In this study, a similar comparison was carried out in Nepal at low elevations (<2,000 m a.s.l.) for Tmax and precipitation (Supplementary Figs. 8 and 15, respectively). All these results provide robust evidence about the capability of ERA5 to correctly describe the large-scale trends. Regarding the high Himalayan elevations, Pyramidoff data have never been assimilated into ERA5 and this has not occurred for other high-elevated stations as well, considering their general absence at these elevations. Thus, any possible problem related to changes in station density or location over time should not have affected the local climatic trends. Therefore, Pyramidoff data are used here for validating the capability of ERA5-Land to simulate the non-stationarity of precipitation and temperature at the local level.

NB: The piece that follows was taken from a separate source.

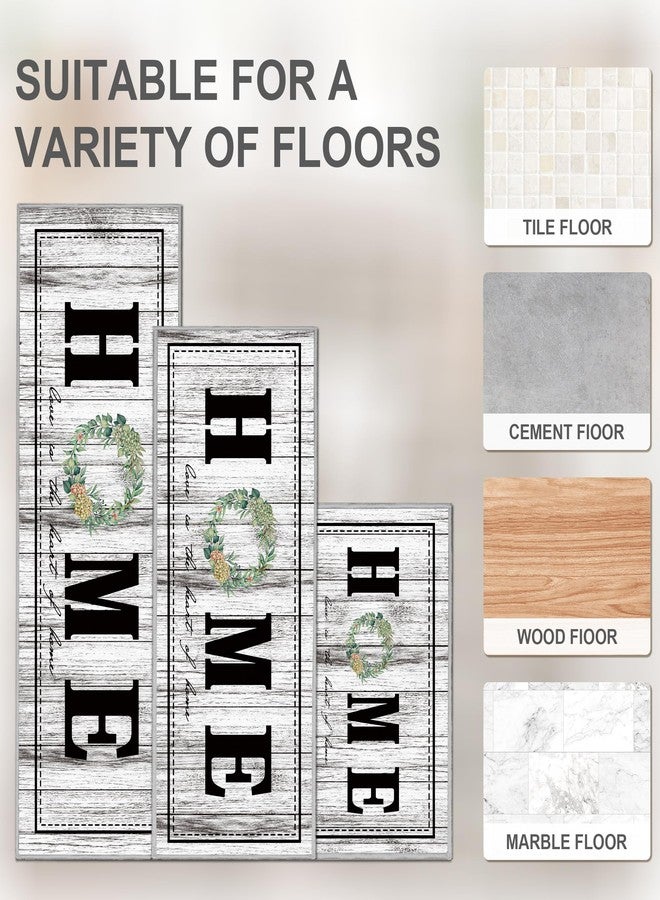 Tritard 100% Non Slip Kitchen Rugs Sets of 3 Farmhouse Washable Kitchen Mats for Floor Non-Skid Kitchen Runner Rug Soft Rustic Kitchen Floor Carpet for Hallway, Laundry, Sink, Office, Grey - Image 4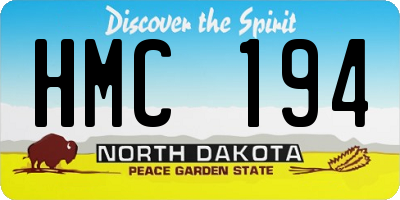 ND license plate HMC194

Trends analysis: the sequential Mann–Kendall test

In this study, the Mann–Kendall test (MK) was applied at the monthly scale (after daily data aggregation) to analyse the non-stationarity of observational and reanalysis data. This test is widely adopted to assess significant trends in hydrometeorological time series48. This test is non-parametric, thus being less sensitive to extreme sample values and is independent from the hypothesis about the nature of the trend, whether linear or not. The MK test verifies the assumption of the stationarity of the investigated series by ensuring that the associated normalized Kendall’s tau-b coefficient48, μ(τ), is included within the confidence interval for a given significance level (for α = 5%, the μ(τ) is below −1.96 and above 1.96). We used the SS proposed by ref. 49 as a robust linear regression allowing the quantification of the potential trends revealed by the MK. The significance level is established for P < 0.05. We defined a slight significance for P < 0.10. The uncertainty associated with the SS (1994–2013) is estimated through a Monte Carlo uncertainty analysis. Further details on this uncertainty are reported in ref. 24. In the sequential form (seqMK) μ(τ) the test is applied forward starting from the oldest values (progressive trend) and backward starting from the most recent values (retrograde trend). The crossing period allows us to identify the approximate starting point of the trend.